Monitoring Stack

This document provides a comprehensive guide to the monitoring implementation in PTIIKInsight using Prometheus and Grafana for system observability and performance tracking.

Overview

The PTIIKInsight monitoring stack consists of:

Prometheus: Metrics collection and time-series database
Grafana: Visualization dashboards and alerting
FastAPI Instrumentator: Automatic metrics collection from API

Architecture

┌─────────────────┐    ┌─────────────────┐    ┌─────────────────┐
│   FastAPI App   │    │   Prometheus    │    │    Grafana      │
│   Port: 8000    │────┤   Port: 9090    │────┤   Port: 3000    │
│                 │    │                 │    │                 │
│ /metrics        │    │ Scrapes every   │    │ Queries         │
│ endpoint        │    │ 15 seconds      │    │ Prometheus      │
└─────────────────┘    └─────────────────┘    └─────────────────┘

Implementation Details

1. FastAPI Metrics Integration

The FastAPI application automatically exposes metrics using the prometheus-fastapi-instrumentator library:

from fastapi import FastAPI
from prometheus_fastapi_instrumentator import Instrumentator
from prometheus_client import Counter, Histogram, Gauge

app = FastAPI(title="PTIIK Insight API", description="ML-powered topic analysis")
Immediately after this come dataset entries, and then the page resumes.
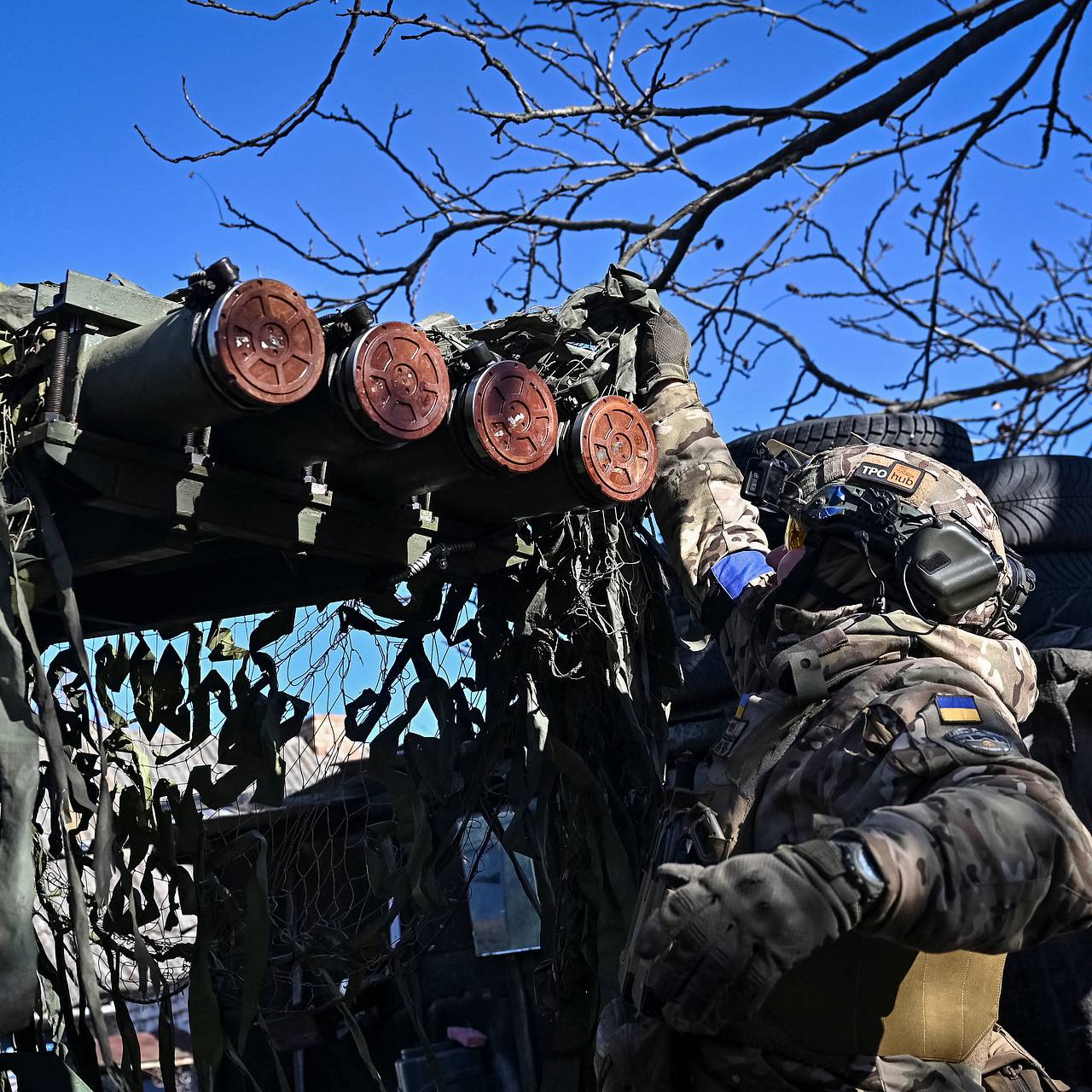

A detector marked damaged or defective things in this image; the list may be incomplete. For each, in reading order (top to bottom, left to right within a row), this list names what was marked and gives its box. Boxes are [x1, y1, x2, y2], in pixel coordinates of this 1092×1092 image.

rusty tube cap [205, 279, 321, 408]
rusty metal surface [205, 279, 321, 408]
rusty end cap [206, 277, 321, 406]
rusty metal surface [349, 318, 451, 443]
rusty tube cap [347, 318, 454, 443]
rusty end cap [351, 321, 450, 441]
rusty tube cap [462, 362, 559, 473]
rusty end cap [467, 362, 555, 473]
rusty metal surface [465, 362, 559, 473]
rusty tube cap [572, 397, 655, 502]
rusty metal surface [572, 397, 655, 502]
rusty end cap [580, 397, 655, 502]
# Initialize Prometheus metrics
instrumentator = Instrumentator()
instrumentator.instrument(app).expose(app)

# Custom metrics for ML operations
model_predictions_total = Counter('model_predictions_total', 'Total number of model predictions')
model_prediction_errors_total = Counter('model_prediction_errors_total', 'Total number of prediction errors')
model_prediction_duration = Histogram('model_prediction_duration_seconds', 'Time spent on predictions')
model_accuracy = Gauge('model_accuracy', 'Current model accuracy')
scraping_requests_total = Counter('scraping_requests_total', 'Total number of scraping requests')
scraping_errors_total = Counter('scraping_errors_total', 'Total number of scraping errors')

Available Metrics:

Standard HTTP metrics (request count, duration, status codes)
Custom ML metrics (predictions, errors, accuracy)
Application-specific metrics (scraping operations)
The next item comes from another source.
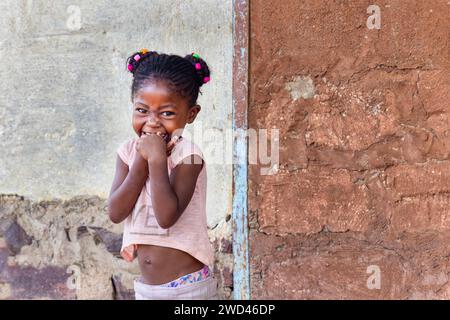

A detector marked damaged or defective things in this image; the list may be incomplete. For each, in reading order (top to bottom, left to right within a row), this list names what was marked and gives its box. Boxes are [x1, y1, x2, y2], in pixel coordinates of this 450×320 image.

cracked wall surface [0, 0, 232, 300]
cracked wall surface [250, 0, 450, 300]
2. Prometheus Configuration

The Prometheus configuration file (monitoring/prometheus/prometheus.yml) defines how metrics are collected:

global:
  scrape_interval: 15s
  evaluation_interval: 15s

rule_files:
  - "rules/*.yml"

scrape_configs:
  - job_name: 'fastapi-app'
    static_configs:
      - targets: ['fastapi-app:8000']
    metrics_path: '/metrics'
    scrape_interval: 15s

Key Configuration:

Scrape Interval: 15 seconds between metric collections
Target: FastAPI application on port 8000
Metrics Path: /metrics endpoint
Rule Files: Custom alerting rules from rules/ directory

3. Docker Compose Configuration

The monitoring services are defined in docker-compose.yml:

services:
  fastapi-app:
    build:
      context: .
      dockerfile: Dockerfile
    container_name: fastapi-scraper
    ports:
      - "8000:8000"
    volumes:
      - ./data:/app/data
      - ./model:/app/model
      - ./preprocessing:/app/preprocessing
      - ./api:/app/api
    restart: always

  prometheus:
    image: prom/prometheus:latest
    container_name: prometheus
    volumes:
      - ./monitoring/prometheus/prometheus.yml:/etc/prometheus/prometheus.yml
      - ./monitoring/prometheus/rules:/etc/prometheus/rules
    command:
      - "--config.file=/etc/prometheus/prometheus.yml"
      - "--storage.tsdb.path=/prometheus"
      - "--web.console.libraries=/etc/prometheus/console_libraries"
      - "--web.console.templates=/etc/prometheus/consoles"
      - "--web.enable-lifecycle"
    ports:
      - "9090:9090"
    restart: always

  grafana:
    image: grafana/grafana:latest
    container_name: grafana
    ports:
      - "3000:3000"
    volumes:
      - ./monitoring/grafana/provisioning:/etc/grafana/provisioning
      - ./monitoring/grafana/dashboards:/var/lib/grafana/dashboards
    environment:
      - GF_USERS_ALLOW_SIGN_UP=false
      - GF_USERS_DEFAULT_THEME=dark
      - GF_INSTALL_PLUGINS=grafana-piechart-panel
    depends_on:
      - prometheus
    restart: always

volumes:
  grafana-storage:

Monitoring Features

Available Metrics

HTTP Metrics (Automatic):

http_requests_total: Total HTTP requests by method and status
http_request_duration_seconds: Request processing time
http_request_size_bytes: Request payload size
http_response_size_bytes: Response payload size

Custom ML Metrics:

model_predictions_total: Count of topic predictions made
model_prediction_errors_total: Count of prediction failures
model_prediction_duration_seconds: Time spent on predictions
model_accuracy: Current model accuracy score
scraping_requests_total: Count of scraping operations
scraping_errors_total: Count of scraping failures

Grafana Dashboard Configuration

Grafana is pre-configured with:

Data Source: Prometheus connection
Provisioning: Automatic dashboard and data source setup
Theme: Dark theme by default
Plugins: Pie chart panel for better visualizations

Dashboard Features:

API request volume and response times
Error rate monitoring
ML model performance metrics
System resource utilization
Custom alerts and notifications

Alerting Rules

Custom alerting rules can be defined in monitoring/prometheus/rules/alerts.yml:

groups:
  - name: ptiik-insight-alerts
    rules:
      - alert: HighErrorRate
        expr: rate(http_requests_total{status=~"5.."}[5m]) > 0.1
        for: 5m
        labels:
          severity: critical
        annotations:
          summary: "High error rate detected"
          description: "Error rate is above 10% for 5 minutes"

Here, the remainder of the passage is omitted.